Thereafter the defendant delivered to plaintiff three additional documents for the purpose of enabling the plaintiff at his own expense to make a title search and procure an accurate survey of the land preliminary to closing. These documents, which form part of the transaction, consist of the following: (1) A crude sketch, which in itself is inadequate to specifically describe or locate the land but which is alleged to have been delivered for the purpose of showing the location and approximate dimensions of defendant’s land on Clair Road. (2) A tax receipt of Duval County issued to defendant for 1956 taxes, which designates the section, township and range in which the defendant’s land lies. It also contains a reference to the book and page of the public record wherein is recorded the defendant’s muniments of title to the subject property. (3) A carbon copy of a boundary line agreement entered into between the defendant and the owners of adjacent land, which embodies a map of a survey of the lands referred to in that agreement. Pursuant to the alleged contract reflected by all of the within mentioned documents, plaintiff incurred obligations totaling $160 for title search and survey. Defendant was kept fully advised of the progress made toward the closing of the transaction and acquiesced to all of the steps taken by plaintiff. On May 2, 1957 the parties met by prearrangement in an attorney’s office for the purpose of closing the transaction and the plaintiff then and there tendered to defendant the balance of the purchase price
In passing on the questions raised by the appeal it is well to mention certain well defined principles governing an action for specific performance of a contract to convey realty. Specific performance is an equitable remedy. It is grantable as a matter of sound judicial discretion vested in the Chancellor. Such discretion is governed by principles of law and equity applicable to the particular facts and circumstances, all pertinent factors must be considered, and the right to such relief may not be denied where the facts are sufficiently pleaded and established. Perry v. Benson, Fla.App., 107 So.2d 213; Humphrys v. Jarrell, Fla.App., 104 So.2d 404.
Appellee contends, and we agree, that the written contract or memorandum of the transaction must so describe the land that it can be definitely located as the particular parcel forming the subject of the contract. Edmun Realty Corp. v. Kearns, 158 Fla. 558, 28 So.2d 834; Simons v. Tobin, 89 Fla. 321, 104 So. 583; Rhode v. Gallat, 70 Fla. 536, 70 So. 471; Lente v. Clarke, 22 Fla. 516, 1 So. 149; Patrick v. Sears, 19 Fla. 856. In line with this contention, it is true that if our deliberations are confined to a consideration of the initial document — the receipt signed by defendant — we would be compelled to hold that it does not sufficiently describe the land. Hammond v. Hacker, 93 Fla. 194, 111 So. 511. However, we are not so circumscribed by the facts or equities as set out in the complaint.
Each of the documents furnished by defendant to plaintiff constitutes part and parcel of the entire transaction. Those given subsequent to the initial receipt supplemented and implemented the former.

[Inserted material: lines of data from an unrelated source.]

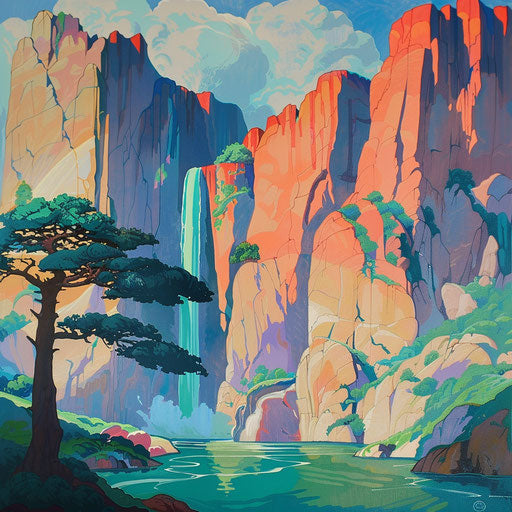 Victoria Falls with stylized rock formations and striking colors in the style of Ed Mell
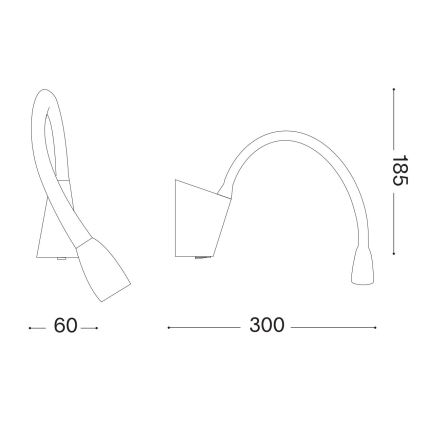 Ideal Lux - Candeeiro flexível LED pequeno GOOSE LED/3W/230V CRI 90 branco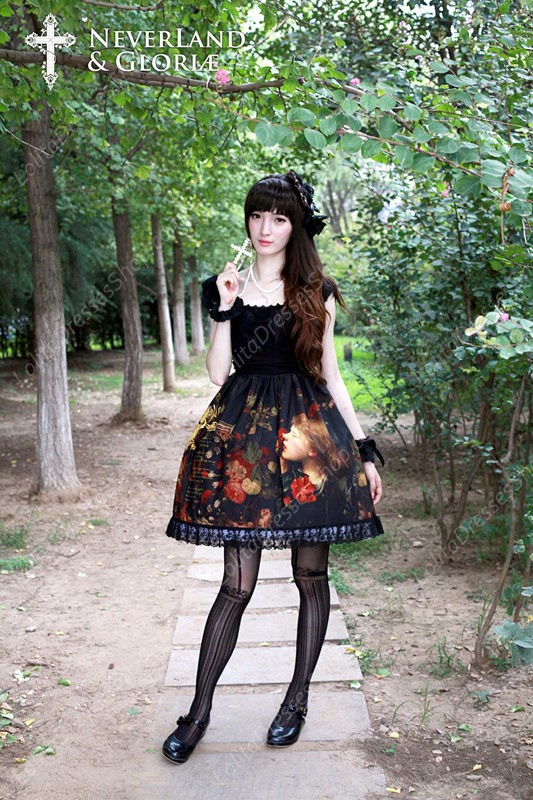 Sweet Choosing Flower Girl Souffle Song Lolita Painting Style Retro Printing Eyelash Lace OP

Under the facts alleged, therefore, we are called on to determine whether the documents alleged by the complaint to have been delivered by defendant when taken together spell out a contract which the trial court should enforce by specific performance. We conclude that it is adequate for the purpose and that it was error to dismiss the complaint.
Our only difficulty in reaching this conclusion concerned the question of the sufficiency of those documents to provide the means by which to accurately locate the subject property. Applying the maxim “Id certum est quod certum reddi protest,”
Accordingly, the decree dismissing the complaint is vacated and the cause remanded for proceedings consistent with the views herein expressed.